* Work to complete:
A faithful transcription of all the data, images excluded, is the required answer.

* Data extract:
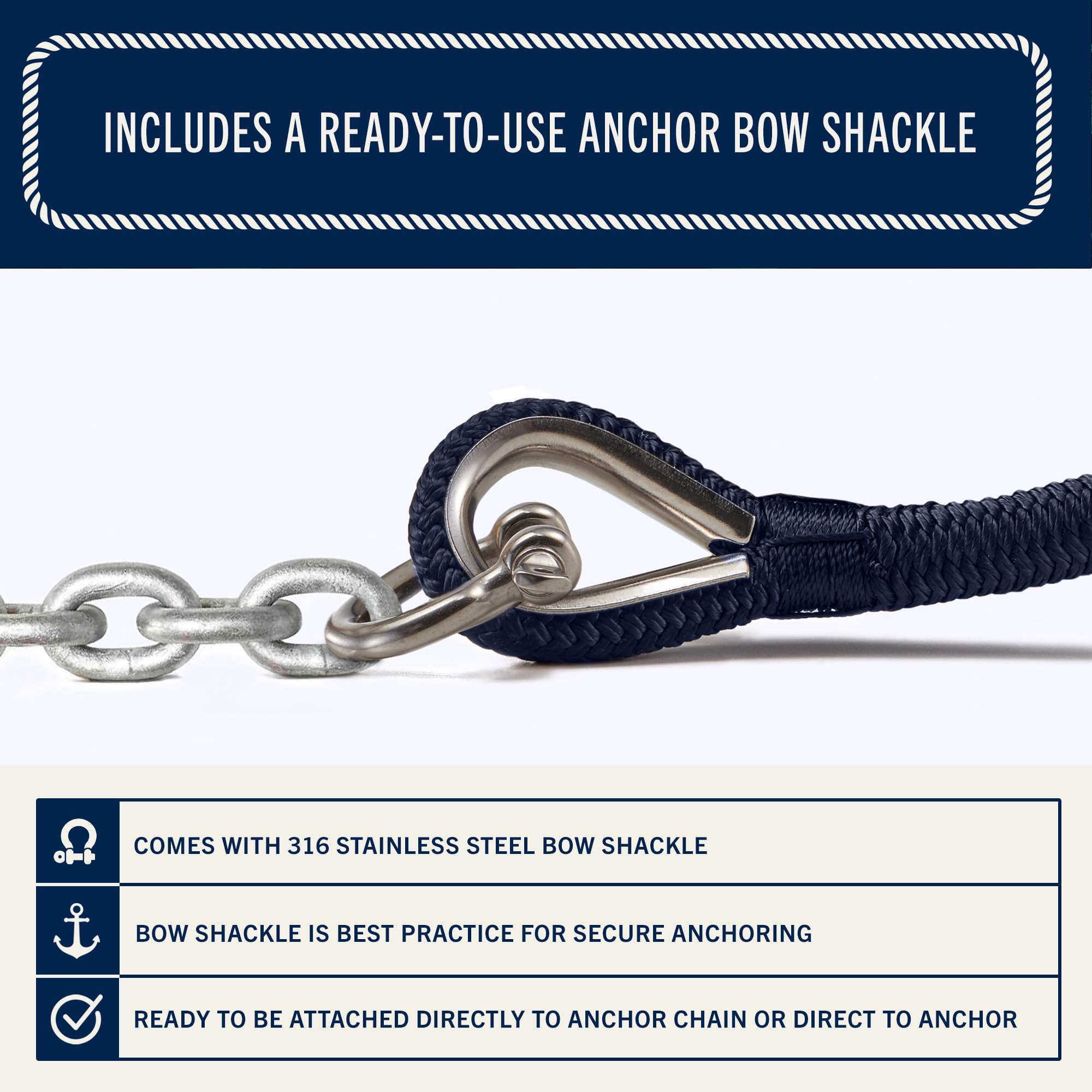 Línea de Anclaje para Barco, Cuerda de Anclaje de 50 pies x 1/4 Pulgadas, Cuerda de Nailon Trenzado Doble con dedal 316SS y Gancho de presión de Grado Marino Resistente, Color Azul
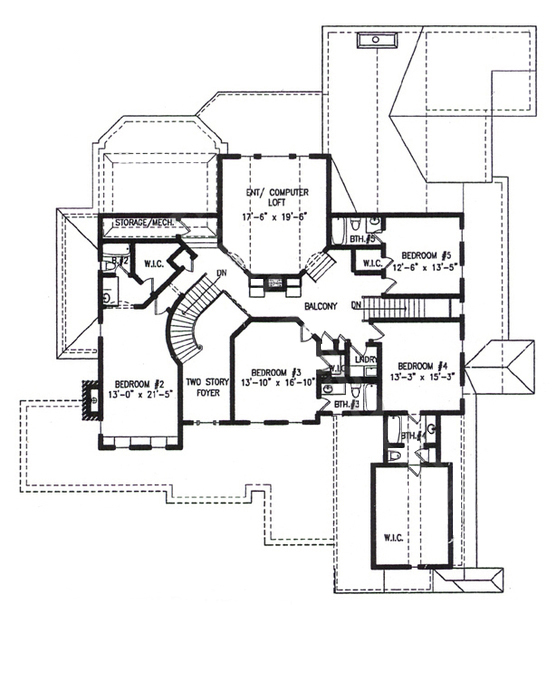 Floor Plan Second Story of Colonial Plan #198-1004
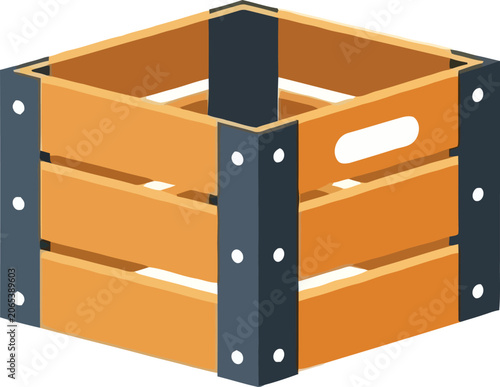 Wooden crate with metal bands.
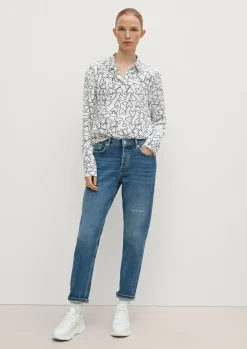 Relaxed: Boyfriend-Jeans mit Destroyes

* Response:
 Línea de Anclaje para Barco, Cuerda de Anclaje de 50 pies x 1/4 Pulgadas, Cuerda de Nailon Trenzado Doble con dedal 316SS y Gancho de presión de Grado Marino Resistente, Color Azul
 Floor Plan Second Story of Colonial Plan #198-1004
 Wooden crate with metal bands.
 Relaxed: Boyfriend-Jeans mit Destroyes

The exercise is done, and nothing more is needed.